When you think of what hackers want, you probably think that they are after your most important financial data. However, security researchers have found that hackers are able to gain access to other pieces of important data on devices that you would never imagine could be hacked.
Security researchers from the University of California, San Diego, have recently discovered that some car security systems have vulnerabilities, and that hackers are able to remotely control vehicles via a simple text message. This is possible because of the small black dongles that are connected to the cars’ diagnostics ports. Once they have gained control, the hackers are able to remotely activate the vehicle’s windscreen wipers and most concerning, the brakes.
Ironically, these dongles were originally installed as a safety feature. Insurance companies and fleet operators installed them as a way of tracking the vehicles, as well as monitoring their fuel efficiency and the number of miles they were being driven. However, some researchers have discovered that if a particular command is texted to the dongle, it would be relayed to the car’s internal system.
Stefan Savage, a computer security professor and leader of the aforementioned research project said that in the process of reverse engineering the dongles, they “found that they had a whole bunch of security deficiencies.”

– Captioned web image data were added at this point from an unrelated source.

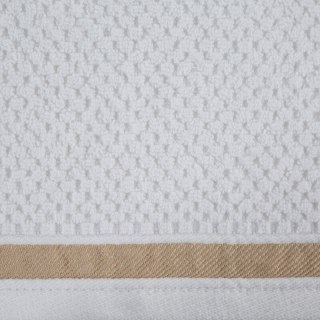 RĘCZNIK MADLEN (01) 30 X 50 CM BIAŁY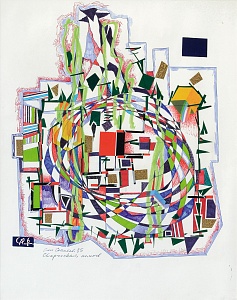 "Senile Infirmity", 1985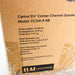 ELAC Carina CC241.4 Center Channel Speaker; Satin Black (Open Box)
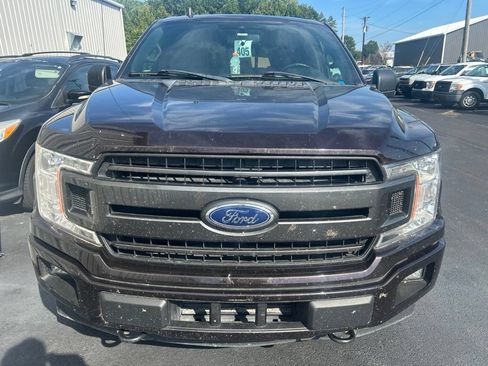Used 2019 Ford F150 XLT w/ Equipment Group 302A Luxury AWD/4WD image 4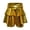 Gold, variant on Toddler Summer Dresses Girls Jean Dress Long Sleeve Little Girls Dresses 4t Girl Summer Toddler Dress Set for Glitter Sequin Dance Performance Tutu Skirt With Matching Shorts For Stage Blue 2-3 Years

Interestingly, the dongles that were tested were all made by a company called Mobile Devices and were given to customers by US insurance company Metromile, as part of its pay-per-mile insurance plan. The company also distributes the dongles to Uber drivers for their bespoke insurance plans. The US government recently mandated that all federal bodies with fleets over 20 vehicles must install a similar type of dongle to monitor telematics, and this means that even more vehicles are at risk.
The dongles are thought to be completely safe until they are compromised. However, once the hacker has accessed the dongle they are able to control practically all features of the car, including the steering and the locks. As a result, no cars equipped with the devices are safe from the possibility of being remotely controlled by hackers.
According to the research, the vulnerability lies in the fact that the dongles were distributed in an insecure ‘developer mode.’ They were also configured to accept commands via text messages, meaning that it isn’t just coincidence that hackers are able to have quite so much control over vehicles.
Both Mobile Devices and Metromile were notified of the vulnerability, and wirelessly issued a patch to fix it. Mobile Devices also advised clients that their newer dongles were not at risk of such a hack. However, the researchers have reason to disbelieve this, as they found that thousands of the company’s newer dongles do indeed have the vulnerability, even as far afield as in Spain.
That said, the researchers warn that many other dongles of this type are also vulnerable to similar weaknesses. Insurance company Progressive was also found to have serious security flaws in the dongles that they provided. Likewise, personal telemetrics device Zubie was also found to have security faults. This means that even when you are not worrying about the safety of company data stored on your computer, you may have reason to be concerned about your own personal safety – it seems that hackers can access data from your vehicles, and that is very worrying indeed.